Seph stared at Kaz with annoyance. Then he saw the Dark Dragoon Spirit hang from Kaz's neck. OF COURSE!!
"YOU FLY US ACROSS, MISTER DRAGOON MAN!" Seph shouted, and tugged at the Dragoon Spirit. The dark orb glinted in the light as Seph tried to pull it away. Kaz was pulling back.
"FINE! FINE!!" Kaz surrendered to Seph. He scowled and transformed to the Darkness Dragoon.
FLASH! DARKNESS! RAINBOW SPARKILES!
Ahem.
Kaz let Dante grip on his back first, and he flew over the pit, thinking about letting Dante fall into the shiny spikes he adored so much. It was tempting. VEEERRRYYY TEMPTING. But Dante made it alive to the other side, and Kaz continued walking forth.
"HEEEEEEEEYYYYY!" Seph cried. "WHAT ABOUT MEEEEEE??"
Kaz snickered. "I DUNNO, YOU'RE SO SMART!" he replied evily. "YOU FIGURE OUT A WAY ACROSS!" he turned to Dante. "C'mon, Dante, we gotta find that Rainbow thing."
"YAY!!" Dante cheered. "Follow me!!" And Dante bounced along the path while Kaz mosyed along, and Seph was stuck on the other side watching his so-called "friends" walk away.

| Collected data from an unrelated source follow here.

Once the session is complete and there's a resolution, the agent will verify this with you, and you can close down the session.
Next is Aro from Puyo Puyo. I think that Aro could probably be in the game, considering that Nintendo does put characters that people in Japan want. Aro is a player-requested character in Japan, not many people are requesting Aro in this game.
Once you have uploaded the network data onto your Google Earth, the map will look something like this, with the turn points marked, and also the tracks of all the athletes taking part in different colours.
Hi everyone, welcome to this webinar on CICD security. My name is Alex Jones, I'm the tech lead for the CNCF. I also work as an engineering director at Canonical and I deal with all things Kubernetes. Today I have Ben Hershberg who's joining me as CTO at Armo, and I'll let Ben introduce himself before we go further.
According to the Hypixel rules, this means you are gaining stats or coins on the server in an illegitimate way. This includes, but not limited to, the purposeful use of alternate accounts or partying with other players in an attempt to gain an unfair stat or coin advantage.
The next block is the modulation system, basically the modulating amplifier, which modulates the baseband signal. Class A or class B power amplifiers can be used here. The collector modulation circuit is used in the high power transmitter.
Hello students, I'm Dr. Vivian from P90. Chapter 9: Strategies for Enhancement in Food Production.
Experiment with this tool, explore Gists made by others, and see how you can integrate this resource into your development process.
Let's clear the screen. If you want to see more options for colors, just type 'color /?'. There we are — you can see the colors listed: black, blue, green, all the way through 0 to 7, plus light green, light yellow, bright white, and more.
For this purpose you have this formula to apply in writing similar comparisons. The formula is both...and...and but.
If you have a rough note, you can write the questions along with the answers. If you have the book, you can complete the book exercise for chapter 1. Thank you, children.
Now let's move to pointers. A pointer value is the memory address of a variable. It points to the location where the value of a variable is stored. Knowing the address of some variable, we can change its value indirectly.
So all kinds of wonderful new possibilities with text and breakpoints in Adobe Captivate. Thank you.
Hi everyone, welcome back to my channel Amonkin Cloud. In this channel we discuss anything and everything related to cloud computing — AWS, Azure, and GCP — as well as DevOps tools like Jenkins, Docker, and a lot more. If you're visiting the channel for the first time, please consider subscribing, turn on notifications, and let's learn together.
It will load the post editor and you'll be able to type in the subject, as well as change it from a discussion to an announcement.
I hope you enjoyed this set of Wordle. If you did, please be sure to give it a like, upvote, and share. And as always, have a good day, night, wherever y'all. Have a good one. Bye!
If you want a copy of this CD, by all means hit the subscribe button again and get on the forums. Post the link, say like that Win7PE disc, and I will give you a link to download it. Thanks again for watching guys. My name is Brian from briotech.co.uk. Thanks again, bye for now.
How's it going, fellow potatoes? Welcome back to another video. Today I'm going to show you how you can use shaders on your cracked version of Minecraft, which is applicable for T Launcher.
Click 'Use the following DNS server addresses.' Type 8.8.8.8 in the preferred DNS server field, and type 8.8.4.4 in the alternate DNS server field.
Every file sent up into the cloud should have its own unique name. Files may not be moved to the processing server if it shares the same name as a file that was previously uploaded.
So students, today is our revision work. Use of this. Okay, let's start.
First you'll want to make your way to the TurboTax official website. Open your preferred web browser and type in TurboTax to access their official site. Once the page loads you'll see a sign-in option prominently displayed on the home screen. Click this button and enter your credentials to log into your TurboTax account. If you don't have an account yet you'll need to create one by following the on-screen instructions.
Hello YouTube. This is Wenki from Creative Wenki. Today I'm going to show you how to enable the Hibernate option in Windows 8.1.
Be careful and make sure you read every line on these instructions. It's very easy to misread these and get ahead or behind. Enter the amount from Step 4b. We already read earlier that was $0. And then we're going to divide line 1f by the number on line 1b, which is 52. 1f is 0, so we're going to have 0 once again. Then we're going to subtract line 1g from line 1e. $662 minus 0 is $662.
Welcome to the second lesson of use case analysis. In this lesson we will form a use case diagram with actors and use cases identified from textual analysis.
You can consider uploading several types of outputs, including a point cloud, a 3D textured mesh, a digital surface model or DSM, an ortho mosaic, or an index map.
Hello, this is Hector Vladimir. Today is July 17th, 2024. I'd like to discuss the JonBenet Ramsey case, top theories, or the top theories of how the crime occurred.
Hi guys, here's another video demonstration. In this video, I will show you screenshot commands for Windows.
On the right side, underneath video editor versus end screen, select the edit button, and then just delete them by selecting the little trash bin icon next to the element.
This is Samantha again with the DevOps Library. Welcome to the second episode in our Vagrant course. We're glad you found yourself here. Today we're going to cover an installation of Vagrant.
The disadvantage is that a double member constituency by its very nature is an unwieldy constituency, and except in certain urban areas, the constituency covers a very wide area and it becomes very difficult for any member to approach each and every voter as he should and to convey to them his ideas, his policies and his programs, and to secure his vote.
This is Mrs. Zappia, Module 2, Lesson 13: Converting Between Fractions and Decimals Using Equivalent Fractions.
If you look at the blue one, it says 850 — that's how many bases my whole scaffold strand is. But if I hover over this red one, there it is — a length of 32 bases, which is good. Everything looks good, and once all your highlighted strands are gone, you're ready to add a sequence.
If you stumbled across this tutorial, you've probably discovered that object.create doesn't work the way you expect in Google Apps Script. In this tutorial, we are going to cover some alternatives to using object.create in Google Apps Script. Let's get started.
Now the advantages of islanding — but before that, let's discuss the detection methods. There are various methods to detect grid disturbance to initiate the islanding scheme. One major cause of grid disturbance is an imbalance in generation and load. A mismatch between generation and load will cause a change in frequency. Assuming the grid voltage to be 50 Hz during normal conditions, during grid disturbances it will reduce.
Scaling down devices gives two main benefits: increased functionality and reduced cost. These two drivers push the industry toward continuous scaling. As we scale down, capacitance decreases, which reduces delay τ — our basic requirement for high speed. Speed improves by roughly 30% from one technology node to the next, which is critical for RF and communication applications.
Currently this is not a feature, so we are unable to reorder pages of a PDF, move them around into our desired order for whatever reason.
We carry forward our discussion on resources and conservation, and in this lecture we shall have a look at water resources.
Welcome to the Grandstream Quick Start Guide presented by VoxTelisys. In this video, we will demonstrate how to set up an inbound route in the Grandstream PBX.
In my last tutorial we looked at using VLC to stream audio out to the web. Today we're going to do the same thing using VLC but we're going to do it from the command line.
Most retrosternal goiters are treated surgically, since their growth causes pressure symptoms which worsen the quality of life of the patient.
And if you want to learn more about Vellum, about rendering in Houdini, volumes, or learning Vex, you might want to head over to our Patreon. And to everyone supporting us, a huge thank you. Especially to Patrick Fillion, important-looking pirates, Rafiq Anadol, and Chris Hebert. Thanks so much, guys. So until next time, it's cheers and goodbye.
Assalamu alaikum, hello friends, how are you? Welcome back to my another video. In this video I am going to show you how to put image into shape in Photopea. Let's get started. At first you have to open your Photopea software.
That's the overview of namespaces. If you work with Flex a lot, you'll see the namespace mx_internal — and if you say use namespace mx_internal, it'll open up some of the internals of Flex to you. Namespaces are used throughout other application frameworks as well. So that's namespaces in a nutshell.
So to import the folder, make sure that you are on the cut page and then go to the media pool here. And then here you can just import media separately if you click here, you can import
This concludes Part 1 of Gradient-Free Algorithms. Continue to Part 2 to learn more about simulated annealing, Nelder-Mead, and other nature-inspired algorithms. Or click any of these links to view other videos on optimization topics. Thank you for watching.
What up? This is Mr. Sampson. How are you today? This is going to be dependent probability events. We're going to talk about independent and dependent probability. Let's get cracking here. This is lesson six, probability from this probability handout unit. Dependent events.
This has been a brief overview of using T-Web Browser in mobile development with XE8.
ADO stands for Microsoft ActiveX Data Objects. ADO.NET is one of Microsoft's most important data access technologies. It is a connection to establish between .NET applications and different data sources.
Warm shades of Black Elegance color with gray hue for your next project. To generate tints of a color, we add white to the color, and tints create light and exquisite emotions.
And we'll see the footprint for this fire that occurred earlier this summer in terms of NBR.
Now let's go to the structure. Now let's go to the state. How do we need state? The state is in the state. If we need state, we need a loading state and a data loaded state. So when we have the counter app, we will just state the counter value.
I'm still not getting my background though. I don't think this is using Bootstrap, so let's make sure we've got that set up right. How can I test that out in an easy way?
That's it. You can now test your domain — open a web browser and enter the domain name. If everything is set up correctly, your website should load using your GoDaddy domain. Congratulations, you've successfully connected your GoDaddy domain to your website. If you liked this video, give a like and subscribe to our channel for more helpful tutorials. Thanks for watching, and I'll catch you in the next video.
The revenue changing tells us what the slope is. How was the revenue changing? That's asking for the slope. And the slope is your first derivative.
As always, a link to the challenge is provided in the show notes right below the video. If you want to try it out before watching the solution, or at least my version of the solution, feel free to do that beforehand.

"That's great!" Seph muttered as he sat down. "I spent my whole life with them and NOW they abandon me!" Seph sat there for a very long time, looking at the shiny spikes. "shiny" Seph commented, and waited for the other two to come back.
"HERE WE ARE!" Dante sang as he kicked open a crystal door-like thingy (caves don't have doors, though, do they? I dunno..) In there was..
THE ULTRA RARE SUPER SHINY RAINBOW SHINY THING THAT WAS WORTH MILLIONS!
And..
MYSTICAL_YUNALESCA, THE SILVER SHOYRU, WHO GUARDS
THE ULTRA RARE SUPER SHINY RAINBOW SHINY THING THAT WAS WORTH MILLIONS!